Michael Verseckes, spokesman for the Massachusetts Department of Transportation, said the award would cost the MBTA between $62 million and $88 million.
“The wage award will increase salaries by 10.4 percent over the term of the contract, an increase which exceeds the more modest wage pattern that had been established by the majority of other MBTA unions,” he said. “As a result, the top base rate for a bus operator would be approximately $70,000, not including overtime pay.”
Sarah Kerr Garraty arbitrated the award for Boston Carmen’s Union Local 589, the MBTA employees union that represents bus drivers, subway operators and maintenance workers. The award gives union members retroactive raises of $10,000 to $14,000 per worker.
Boston Carmen’s Union officials declined to comment.
The MBTA filed a complaint against the arbitrator’s decision on Sept. 26, stating Garraty did not consider the costs when coming to her decision.
“The basis of the T’s appeal is that the arbitrator did not give due consideration to the MBTA’s financial ability to meet these additional costs,” Verseckes said.
This is not the first time the MBTA has run into financial troubles. In 2012, the Mass. Legislature helped the MBTA close its deficit by approving a bailout.
Joe Pesaturo, spokesman for the MBTA, said to fund the award to Local 589, the MBTA may have to draw money from its deficiency fund. Additionally, fares, which were raised in 2012 by an average of 23 percent, would need to be raised again.
“In accordance with the Transportation Finance Law enacted this year, the MBTA plans to raise fares by a rate of 5 percent on July 1, 2014,” he said.
Despite the projected $25 million deficit, Mass. Gov. Deval Patrick announced on Dec. 3 that the MBTA will run a late-night transit service as part of a $20 million pilot program. To finance the program, Pesaturo said the MBTA would use private sponsors, revenue from fares collected from late-night customers and state funds.

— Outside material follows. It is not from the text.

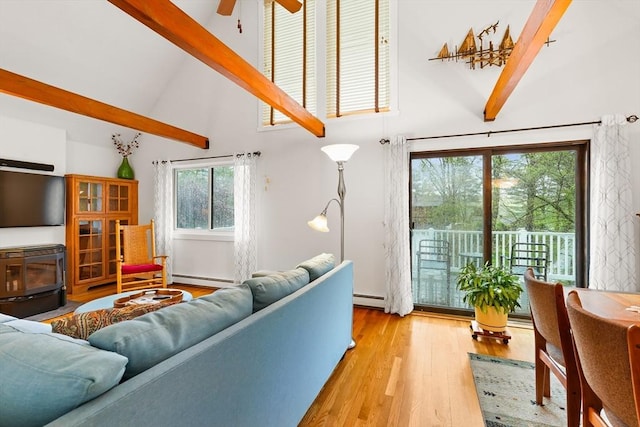 living room with high vaulted ceiling, beam ceiling, light wood-type flooring, a ceiling fan, and a baseboard heating unit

Christine Rossell, professor of political science at Boston University, said she is opposed to the union’s award.
“In a recession, it’s really stupid to start paying civil servants more money than they already make,” she said. “They already make more money than the average worker. There will be no extended hours, which is the option that is being considered right now. I think MBTA employees are paid a good salary. We live in a greedy world.”
Rossell said she disagrees with the idea of bailing out the MBTA because staff layoffs would be a more feasible option to balance the budget.
“You ought to just start firing people and paying them less,” she said. “There are important things that government could do — subsidized childcare from birth, preschool. Honestly, how skilled do you have to be to run an MBTA train? Somebody has got to start representing the public.”
Several residents said they had mixed feelings about the $25 million deficit.
Matt Augustine, 33, of Boston, said the MBTA made the right decision to appeal the award.
“From a business standpoint, it [MBTA] has to make money to keep going,” he said. “They are $25 million short, they have to fight it in any way they can. I believe it’s the right decision.”
Sherry Green, 25, of Dorchester, said she supports union members for their hard work.
“It is not so much as they are trying to save customers’ money, but I feel like they are trying to save money for themselves and have bigger paychecks and stuff to take home,” she said. “These people work on the holidays, they work late at night, they drive in dangerous weather sometimes to serve the community … [they] should get paid more.”
Karen Eaton, 47, of Brighton, said she saw both sides to the argument.
“I don’t want the prices to go up, but that’s the only negative thing I can think of,” she said. “It would be hard to make ends meet if the prices go up again. [But] the union represents individual working families and I want everyone to have enough to live on.”
The Suffolk Superior Court will hear arguments on Dec. 16.